Neither Eddie nor Martin could come up with a response to Martin’s question other than that was where most of the visions had been reported, or at least that was where those men who followed the apparitions usually lost sight of them.
Meanwhile, rather than recovering, Amelia was getting worse.
Which meant Martin was, too – Amelia’s illness had a terrible effect on his temperament. From being one of the better- liked mine owners in the area, he became demanding and intolerant.
The men, however, were getting both worse and better. Arguments broke out more frequently – Solomon and Eddie attributed that to delayed payments due to both Amelia’s illness and the decreased income the mine was producing. Yet, paradoxically, the men were also working harder than ever.
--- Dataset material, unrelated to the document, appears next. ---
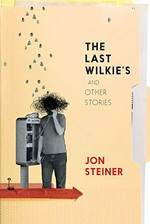 The last Wilkie's and other stories / by Jon Steiner ; with illustrations by Zoe Sadokierski.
One of the itinerant miners, a man by the name of Mitchell Earnst, recorded an account of his experiences at the mine that well illustrates a miner’s perspective on this contradictory time.
Around the time it’d been nearly three months since any precious metal had last been dug up, Amelia succumbed to her illness. With the funeral costs following the medical costs, and the mine having dried up, Martin had to let everyone go, so that the work of the entire mine was left to only the three mourning men – Solomon, Eddie, and Martin – slogging through the mine, making what little progress they could.
They even found themselves digging in the same spot where the miners had concentrated. Martin seemed to have convinced himself that the men had been finding gold down there, but pocketing it, which explained their strong desire to stay on despite belated payments and decreasing rations, and their increased squabbles about digging in a specific area that they reported had yielded nothing.
He suspected them of still returning to the mine, at night, and digging, which explained why he, Solomon, and Eddie had yet to find any gold, and why they heard whispering and felt unfriendly eyes on them.
As things continued to get progressively worse, Martin’s digging revealed a cavern.
Eddie and Martin made quick work of the rock separating it from their tunnel, until the opening was large enough to permit access. With their pick axes and their lanterns, they entered.
What they found down there was the eternal blue flame, at which the Shakani was keeping a vigil.
The Shakani appeared to them in the guise of Elizabeth, the hearty pioneer woman Satinka had considered so self- confident and brave. The same woman the miners had nicknamed Pandora.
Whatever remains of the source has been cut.